Majority of targeted $2-3B in structural cost savings through 2025 achieved. On an LTM basis as of Q2, Shell has achieved ~$1.7B in structurally lower expenses as opposed to 2022. This has been slightly offset by a negative ~$0.2B contribution from growth and macro factors for LTM underlying expenses of $38B. Management notes that during H1 alone it realized ~$0.7B, driven by both non-portfolio (improved operational efficiencies and leaner overhead) and portfolio factors (i.e. divestment of retail power biz in UK and Germany). Compared to the initial cost stock of $39.5B, this implies a ~4% reduction within 6 quarters and a 70% progress assuming the midpoint of the $2-3B target range, both of which should add credibility to management’s streamlining of the business.
I note that current cost calculations do not account for planned/announced divestments, including those of a Singapore chemical complex, Nigeria onshore and the Pakistan retail network. With those expected to close in either H2 or FY25, I see substantial runway for further cost reductions while an ongoing transition to leaner overheads and a more focused approach to project development should grant support on the non-portfolio side.
New GoM and LNG projects have added ~50% of targeted 500kboed new, high-return production. With major project startups in Oman, the Gulf of Mexico, Brazil and Malaysia, Shell has brought up ~250kboed of additional equity production since mid-23. With Whale (GoM), Mero stages 3 and 4 in Brazil and the Penguins redevelopment in the UK North Sea projected to achieve first oil through H2 and FY25, Shell is well on track to deliver around 500kboed of new production by YE25.
With virtually all new projects in low-risk, high-margin core areas without any necessary frontier exploration, this alongside targeted divestments should drive further improvement to barrel margins.

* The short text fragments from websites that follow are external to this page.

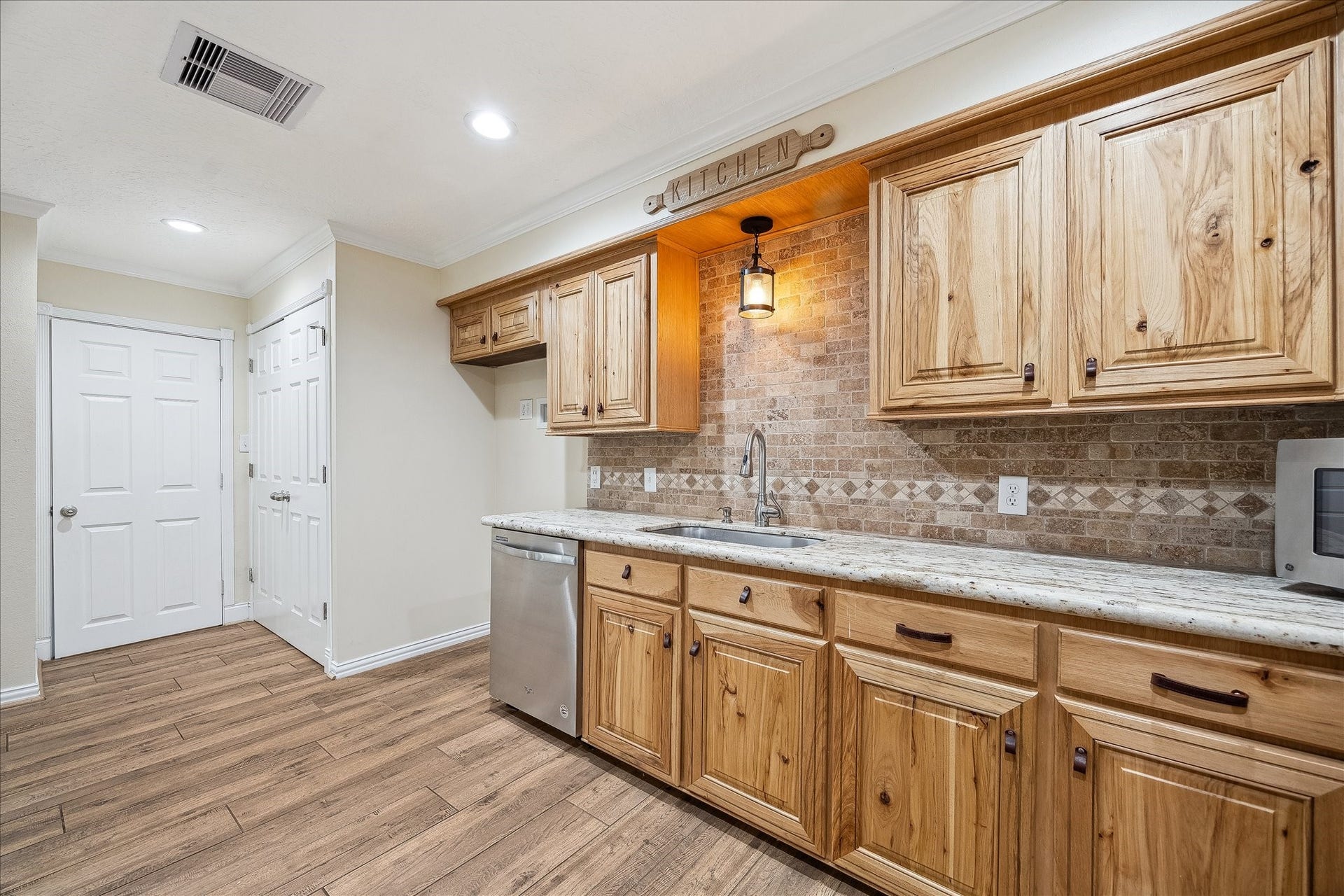 1325 Curtin Street, Houston, TX 77018 1325 Curtin Street, Houston, TX 77018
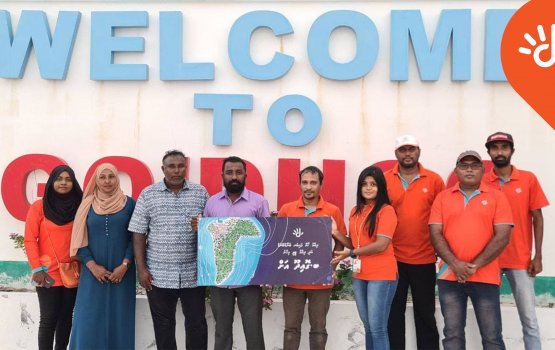 Dhiraagu high speed fiber internet adhi Dhiraagu tv ge khidhumai B. Goidhu ah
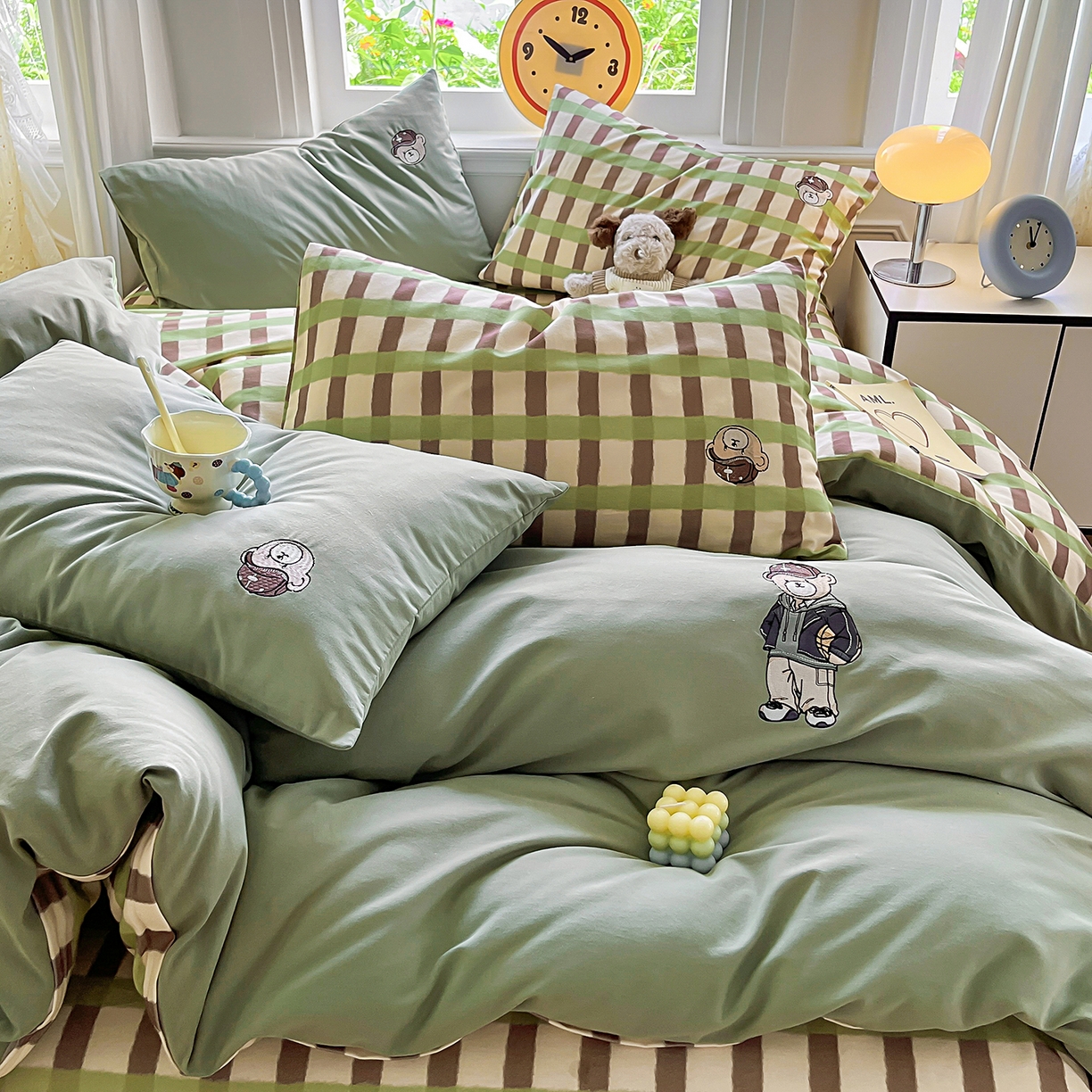 91家纺网 家纺一手货源 找家纺 大境 2025秋冬专版刺绣A类全棉磨毛四件套三件套 篮球小熊-抹茶绿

I note that the majority of upcoming completions are liquids-rich developments with only ~10% of scheduled startups in gas-focused plays, likely providing a near-term boost to liquids mix and improve pricing in the current price environment.
Namibia remains a long-term optionality with any first oil likely not happening before around end the decade given the early state of the area’s development. However, with ~4.9bboe of gross reserve currently estimated in Shell-operated Graff and Jonker discoveries (see also here) and the company’s reported interest in Galp’s for-sale 40% Mopane field stake (~$8B estimated value), Namibia could become a key asset for Shell to extend current production levels into the next decade (see also here). With the Namibia finds estimated to be majority liquids, this should also support a balanced production mix in what would otherwise become increasingly gas-heavy post 2025 based on currently planned startups.